‘coz Concurrency is Groovy!

Tutorial - GPars, making parallel systems Groovy and Java-friendly - Part 2

     

Asynchronous functions

Having seen collections being processed concurrently, we’ll now focus on functions. Groovy has pretty good support for functional programming; after all, being able to parallelize method and function invocations will surely come in handy. To stay close to the domain where Groovy is at home, I chose the problem of software project build orchestration for our next journey.

Note: When parallelizing build processes, which are typically more I/O bound than CPU bound, we’re obviously increasing the utilization of the disk and the network bandwidth and not so much the processor. It is not only the CPU, but also other resources the utilization of which can be improved with concurrent code. Obviously, the demonstrated principles could be applied exactly the same way to CPU-bound problems. 

Let’s assume for the demonstration that we have a set of functions, perhaps implemented as shell scripts, gradle tasks or GAnt methods, which can perform different parts of a build. The traditional build script could then look something like the one shown below:

Listing 1: A sequential version of the build script

println "Starting the build process."
def projectRoot = checkout('git@github.com:vaclav/GPars.git')
def classes = compileSources(projectRoot)
def api = generateAPIDoc(projectRoot)
def guide = generateUserDocumentation(projectRoot)
def result = deploy(packageProject(classes, api, guide))

Making it parallel

The task for us now is to safely parallelize the build as much as possible without excessive effort. You can probably see that compileSources(), generateAPIDoc(), and generateUserGuide() can safely run in parallel, since they have no mutual dependencies. They only need to wait for checkout() to finish before they start their work. The script, however, runs them serially.

I’m sure you can imagine much more complex build scenarios than this one. However, without a good abstraction, if our task is to run build tasks concurrently, even with such an artificially simplified build script we are in for quite some work (listing 2). Well, what do you think about this?

Listing 2: A concurrent version of the build script using asynchronous functions

withPool {
    /* We need asynchronous variants of all the individual build steps */
    def aCheckout = checkout.asyncFun()
    def aCompileSources = compileSources.asyncFun()
    def aGenerateAPIDoc = generateAPIDoc.asyncFun()
    def aGenerateUserDocumentation = generateUserDocumentation.asyncFun()
    def aPackageProject = packageProject.asyncFun()
    def aDeploy = deploy.asyncFun()

    /* Here's the composition of asynchronous build steps to form a process */
    Promise projectRoot = aCheckout('git@github.com:vaclav/GPars.git')
    Promise classes = aCompileSources(projectRoot)
    Promise api = aGenerateAPIDoc(projectRoot)
    Promise guide = aGenerateUserDocumentation(projectRoot)
    Promise result = aDeploy(aPackageProject(classes, api, guide))

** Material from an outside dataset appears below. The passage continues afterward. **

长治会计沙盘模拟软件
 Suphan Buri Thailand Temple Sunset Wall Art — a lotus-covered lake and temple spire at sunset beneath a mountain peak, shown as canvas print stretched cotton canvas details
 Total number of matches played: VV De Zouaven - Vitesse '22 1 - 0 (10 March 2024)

    /* Now we're setup and can wait for the build to finish */
    println "Starting the build process. This line is quite likely to be printed first ..."
    println result.get()
}

 

The wiring stayed totally the same. We only turned our original functions into asynchronous ones through the asyncFun() method. Also, the whole block of code is now wrapped inside a GParsPool.withPool() block, so that the functions have some threads to use for their hard work.

Obviously, there’s quite some magic happening in the asyncFun() method to allow the functions to run asynchronously and yet cooperate when they need data from one another.

The beauty of details

Essentially, asyncFun() wraps the original function inside a new one. The signature of the new function is slightly different from the signature of the original function. For example, while the original compileSources() function takes a String as a parameter and returns a String as a result:

 

String compileSources = {String projectRoot -> ...}

the newly constructed aCompileSources() function returns a Promise of a String, not the String itself. Also, both String and Promise<String> are accepted as arguments:

 

Promise<String> aCompileSources = {String | Promise<String> projectRoot -> ...}

Promises to Keep

The Promise interface is a fundamental cornerstone of several GPars APIs. It is somewhat similar to java.util.concurrent.Future in that it represents an on-going asynchronous activity and the result can be waited for and obtained through its blocking get() method. The most important distinction between the two is that Promises, unlike Java’s Futures, allow non-blocking reads.

 

promise.then {println "Now we have a result: $it"}

This allows our asynchronous functions to only consume system threads when all the values they need for their calculation are readily available. Thus, for example, packaging will only start after the classes, api and guide local variables are all bound to a result value. Until then the aPackage() function is silently waiting in the back room unscheduled and inactive (Figure 2).

 

Figure 2: Functions

Cui bono?

Now you should be able to see how nicely the building blocks fit together. Since asynchronous functions return and accept promises, they can be composed in the same way the synchronous original functions were. And the second and perhaps more prominent benefit of functional composition is that we don’t have to explicitly specify which tasks can run in parallel. I’m sure if we continued adding tasks to our build process we’d soon lose the global view of what activity can safely run in parallel with what other activities. Fortunately, our asynchronous functions will discover parallelism by themselves at run-time. At any moment, all tasks that have their parameters ready will grab a thread from the assigned thread pool and start running. By limiting the number of threads in the pool you can set an upper limit on the number of tasks run in parallel.

Where the data flows

Now we are ready for the most interesting abstraction in our today’s set – dataflow concurrency. Building on our previous example, we’ll now go continuous. We’ll be running the build script repeatedly in order to build multiple projects. Think of it as an initial stage of a future build server, if you like. Build requests for various projects will be coming in through a pipe and our build server will be processing them in turn, as the system resources permit.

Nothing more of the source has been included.